I can deal with a bail agent who tells me that he believes in the right to bail so much that even the highest risk and most violent defendant deserves to be able to mount a defense outside of jail. What I can’t deal with is a bail insurance company simultaneously saying that nobody is non-violent and that we need to lock everyone up, but then fighting to release everyone so long as they have money. It’s like they’re saying, “We really love bail, except for all those pesky releases.”

Bail agents, I don’t think that the insurance companies or the overpaid lobbyists they hire really even know your core beliefs. As I’ve said before, you guys were the answer when America faced a serious jail over-incarceration issue back in the 1800s.  We’re facing a similar issue today, and you could be part of that answer, too. Unfortunately, the insurance people don’t know how even to begin to talk about it. Apparently, they’re thinking about prisons, when they should be thinking about jails. 

Monday, September 5, 2016

Bail Agents, I Think You’re In Trouble

A recent article in the Arizona Capitol Times highlighted two things that should give bail agents everywhere concern over how the whole insurance lobbying effort is going. You can read it here.

First, when talking about the Arizona Fair Justice For All Task Force recommendations concerning pretrial justice, the head of ABC said, “If it gets wheels, we’ll get involved.” Really? Man, I was out there, like, three times in the last six months, and each time I was there the Chief Justice of the Arizona Supreme Court was actually in the room running the meetings. If you don’t think this thing has “wheels,” then I’m not sure you know what a wheel even looks like. I think the insurance guy just missed this one. Every time I was there, I kept thinking, “Where are all the insurance people? It’s like they don’t even know this is going on.” I think I was right.  

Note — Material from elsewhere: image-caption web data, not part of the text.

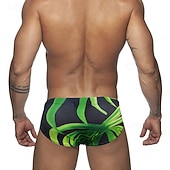 abordables Bañadores &amp; Pantalones de surf-Hombre Estándar Bañador Natación Corto Bañadores Pantalones Calzoncillos de Natación Impreso Correa Secado rápido Eslático Transpirable Sin Mangas Prendas de abajo Surf Deportes acuáticos Natación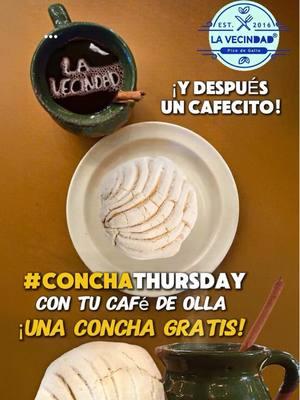 Nada mejor que empezar tu día con nuestro delicioso café de olla! Y los jueves es aún mejor, porque con tu café te regalamos una concha. ☕️✨  📍 @lavecindadlv  #ConchaThursday #cafedeolla #pandulce #lasvegas #cafe #mexicanfood #mexicancoffee #mexicanrestaurant #asvegastiktok #foodtiktok #cafetiktok #coffeetiktok #restauranttiktok #lavecindadtiktok @La Vecindad® Cantina @Vanessa Barreat 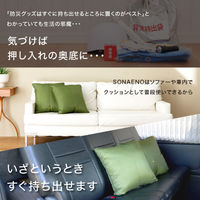 【防災】ドリーム　プロイデア　SONAENO クッション型多機能寝袋 グリーン 0070-4060 1個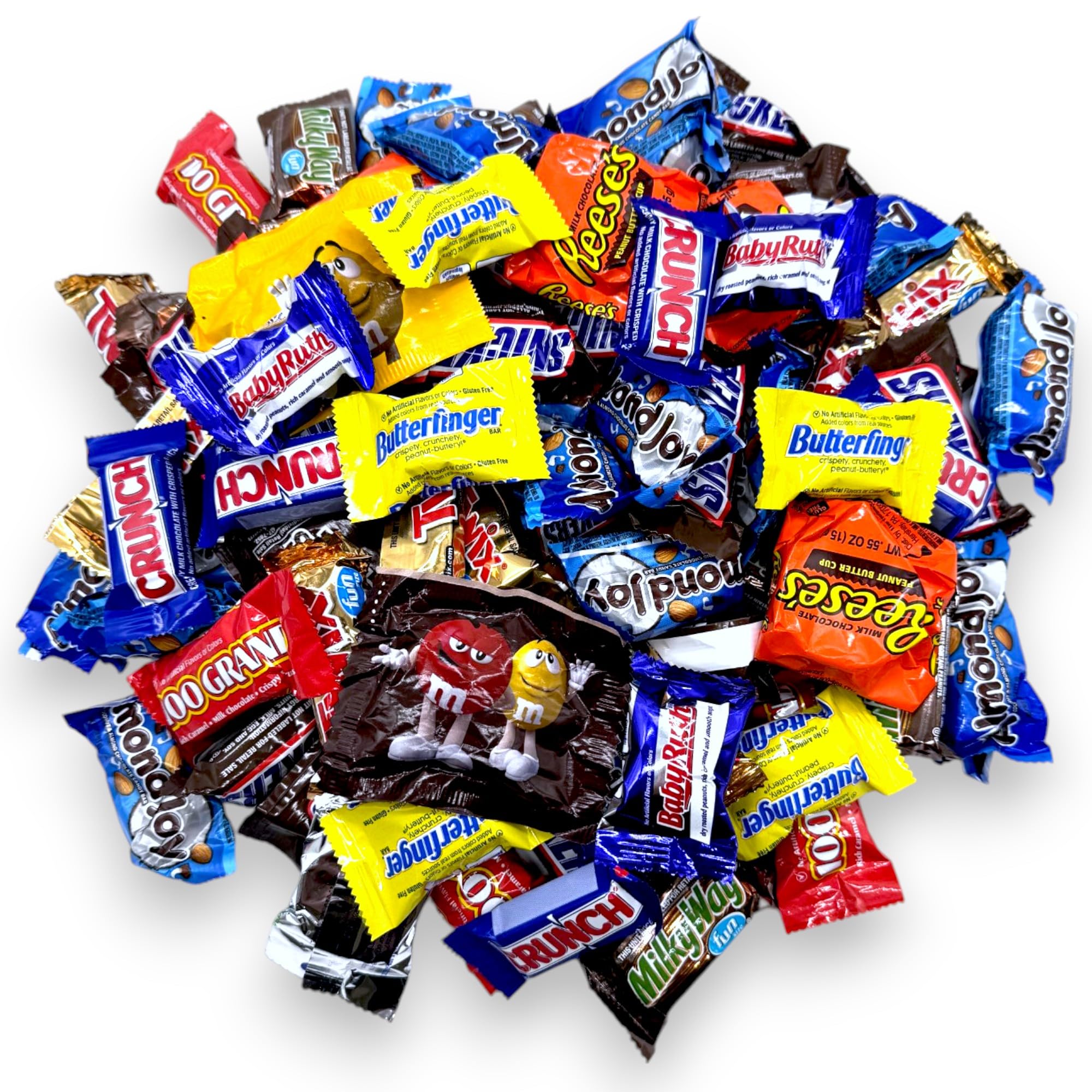 KLUB BULKUltimate Chocolate Variety Mix-3 lbs Classic Candy Snack Bars -Individually Wrapped Mini Fun Size Candies Variety Bulk Mix- Perfect For Easter,Movie Night,Snack Food Gift,Office Candy Assortment, Gift Bag for Birthday Party (48 Oz)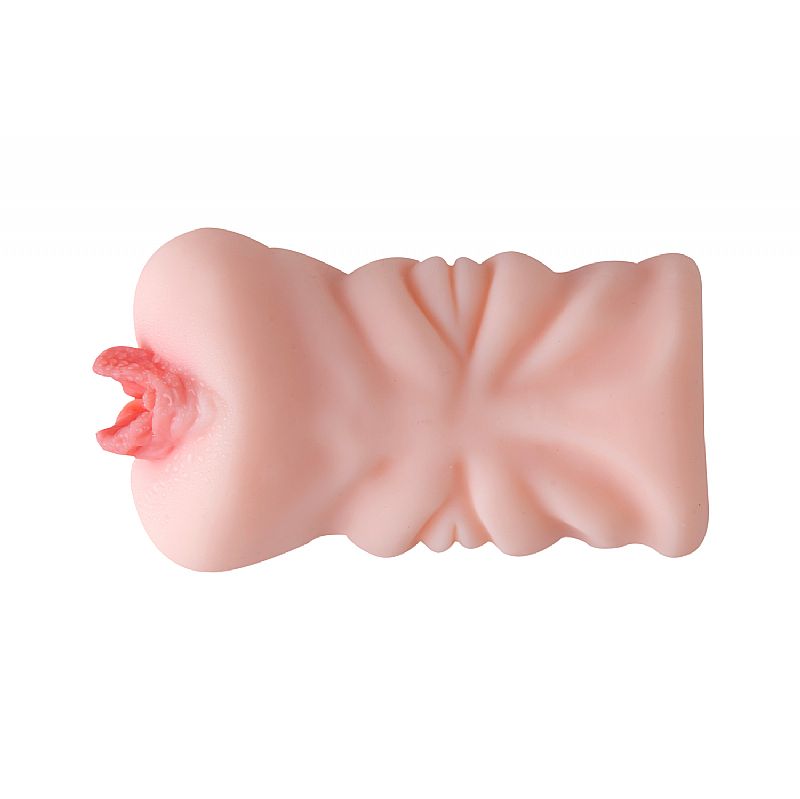 Masturbador em CyberSkin no Formato de Vagina com Grandes Lábios Rosados e Texturas Internas - Maig 11 | 12 x 4 cm - 5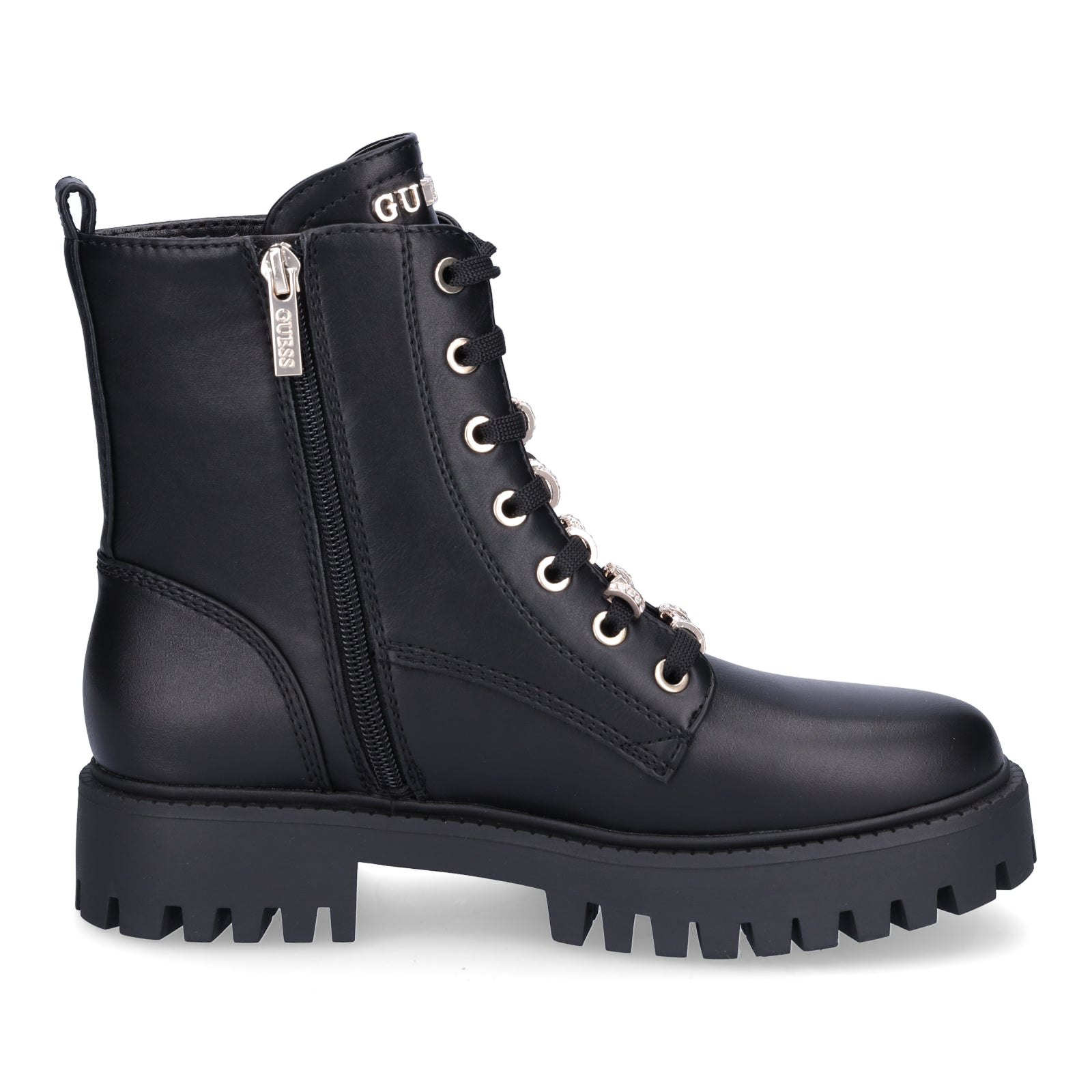 Guess Damen Schnürboot Fiona schwarz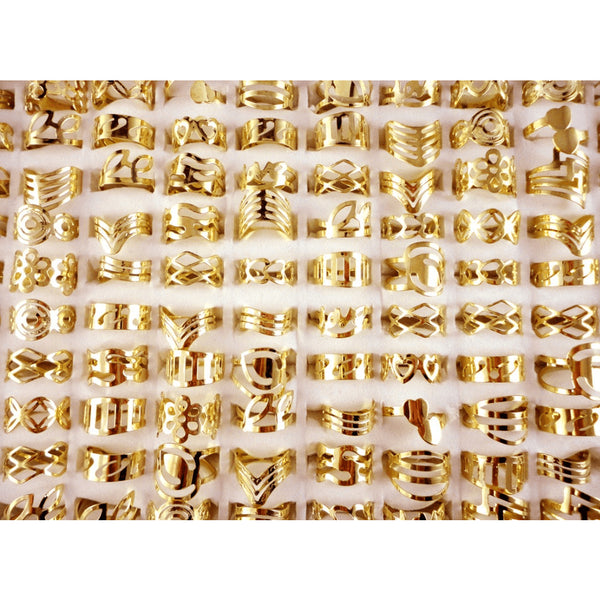 Mixed Toe Ring Gold Set - 20 Pieces - FeetyWeety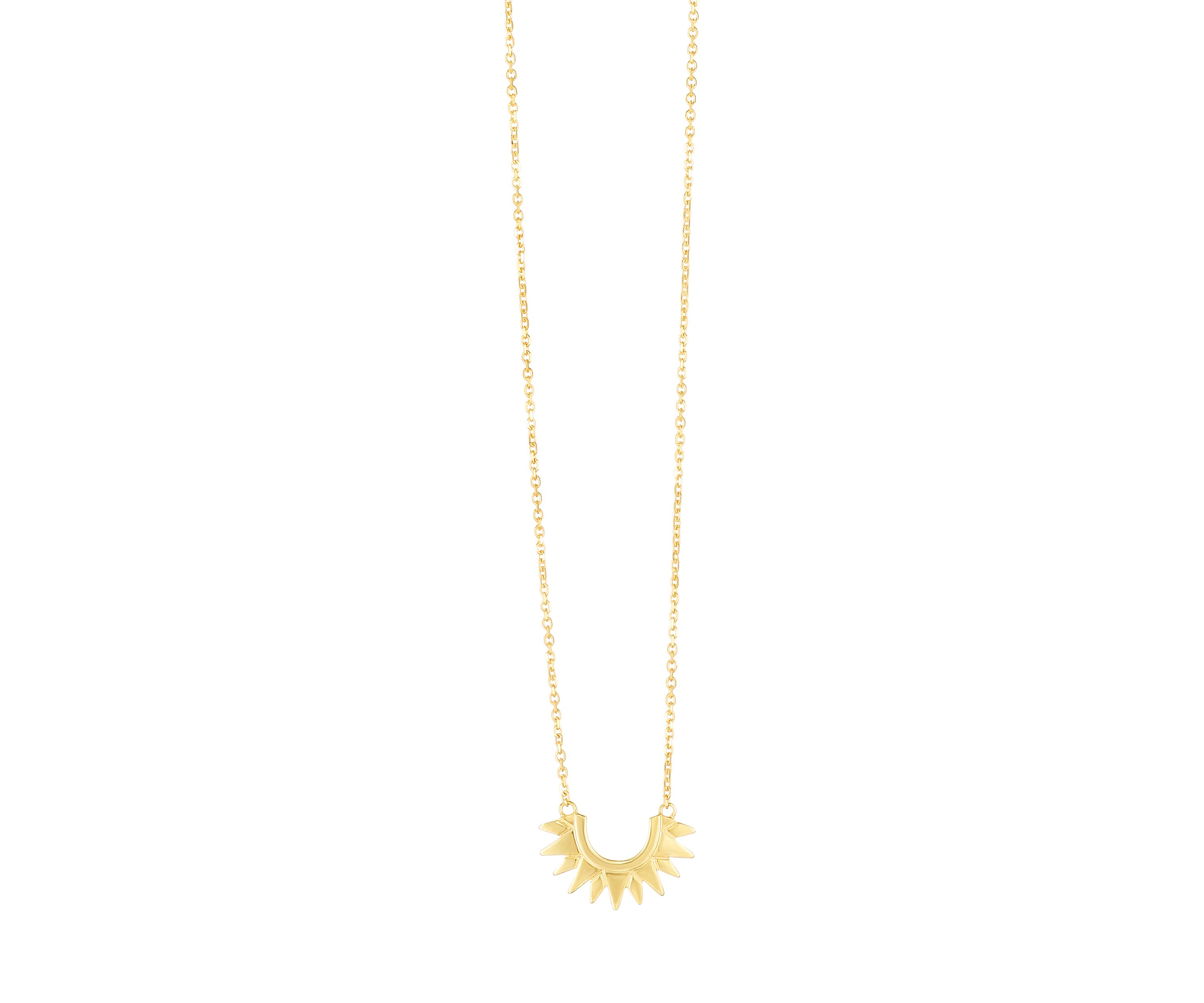 Half Sun Ray Necklace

Second, the headline of the story shows how the insurance companies like to make friends: “Bail Bond Industry To Fight Change to ‘No Money’ System.” It’s the usual, “we’ll fight them on the beaches” rhetoric, and it shows that the bail insurance companies really have no interest in finding a realistic place for bail agents in the future. All they know how to do is to fight to keep the status quo. It’s the only way they won’t lose any money, and finding an alternative for bail agents that exists within a “no” or even “less” money system is simply a no-win for these insurance dudes. And yet, you bail agents have apparently handed over your entire lobbying strategy to them.

For every big thing that happens in bail, there are twenty big things that the bail insurance companies miss. And when they find out about them (or if they find out; there’s a ton that’s happened where they’ve missed even the chance to fight), they fight them like crazy. Is it any wonder that word is getting out not to even speak to them anymore? And, as I’ve often said, most people don’t separate the insurance lobbyists from the agents. When the lobbyists vow to fight, people figure you’re fighting too. You all get lumped into the big group labeled, “People Who Want to Fight Us.” Do you really think anyone really wants to talk that group?

Bail agents, I still think your interests are different from the insurance companies’, and I think that allowing these companies’ lobbyists to work only for insurance interests will ultimately put you out of business.